Famous Works of Abraham Solomon

A Scene from Vicar of Wakefield

In the year 1840, Abraham Solomon’s work took part to be his first work which was a part of an exhibition. This work was the “Rabbi Expounding the Scriptures”. This work of Abraham Solomon appeared in an exhibition which took place in the Society of British Arts. In the year 1841, Abraham Solomon sent two of his paintings to the Royal Academy.

These paintings were “My Grandmother” and “Sir Walter Scott’s Fair Maid of Perth”. Abraham Solomon had a lot of paintings exhibited since then in the successive years. These paintings were scenes from the “Vicar of Wakefield” in the year 1842. This was followed by the scene from “Crabbe’s Parish Register” in the year 1843. Next was a scene from the “Peveril of the Peak” in the year 1845.

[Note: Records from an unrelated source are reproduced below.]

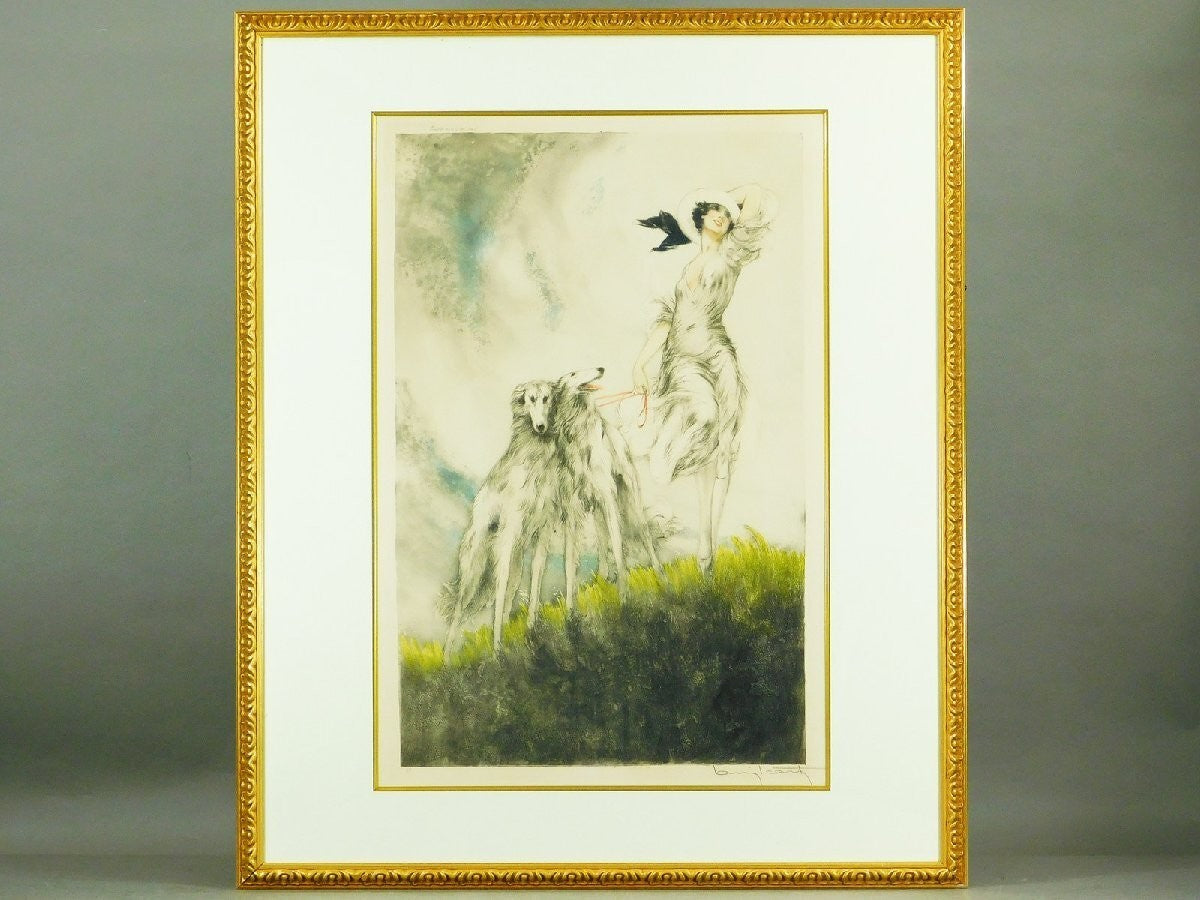 Hand signed embossed seal framed joy life of louis icart etching aquatint 1929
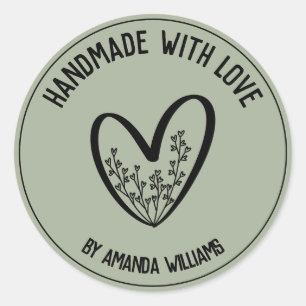Green Personalised Handmade with Love Classic Round Sticker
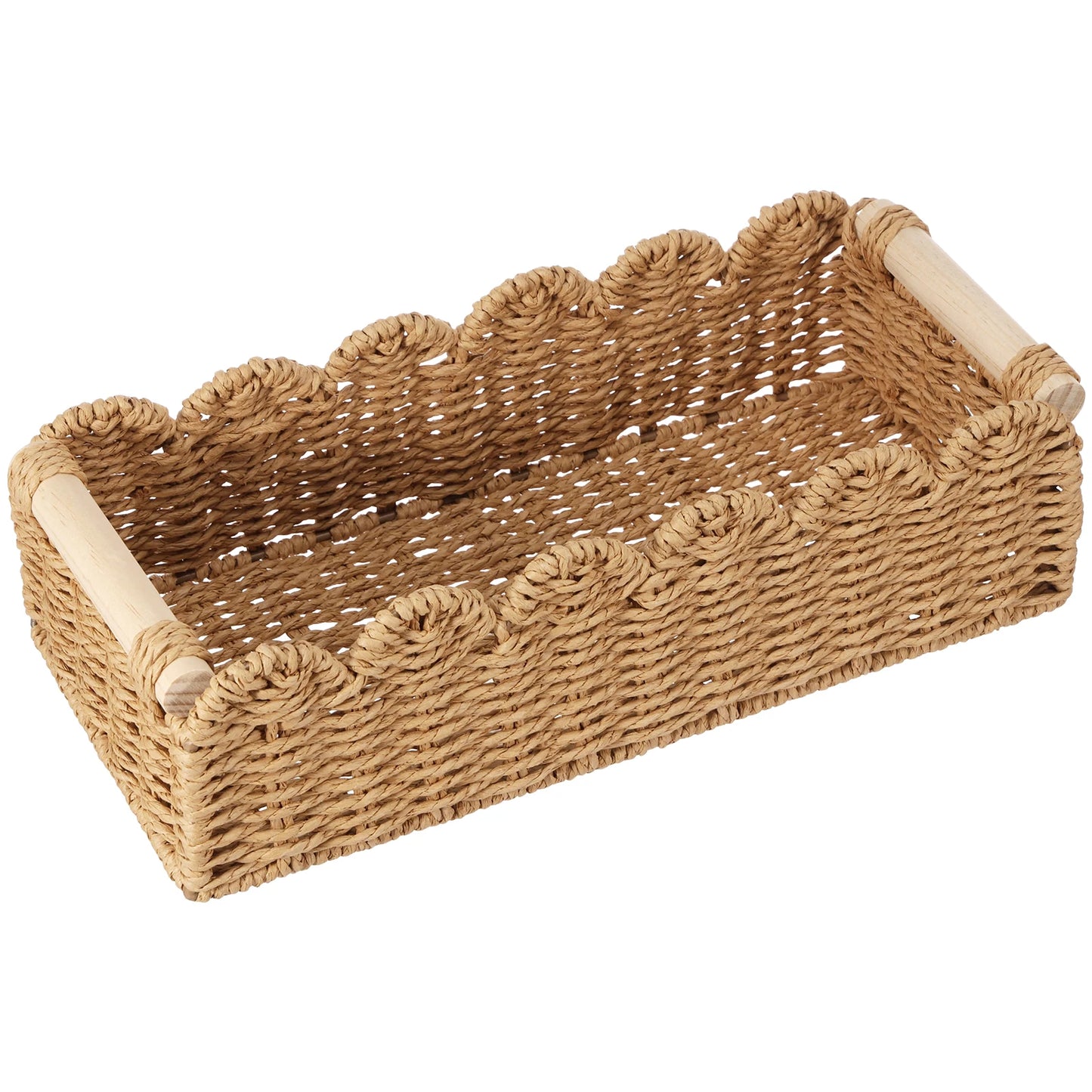 Handwoven Storage Basket Woven Sundries Rectangular Cosmetics Box Clothes Laundry Basket Household Towel Toys Container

Abraham Solomon’s works or paintings further kept on publishing, marking a growth in his career as a painter. A scene from the “The Breakfast Table” was one of Abraham Solomon’s paintings which were exhibited in the year 1846. This was followed by another painting of Abraham Solomon, which is another scene from the “Vicar of Wakefield” in the year 1847. All these paintings of Abraham Solomon through all the successive years caught a lot of attention.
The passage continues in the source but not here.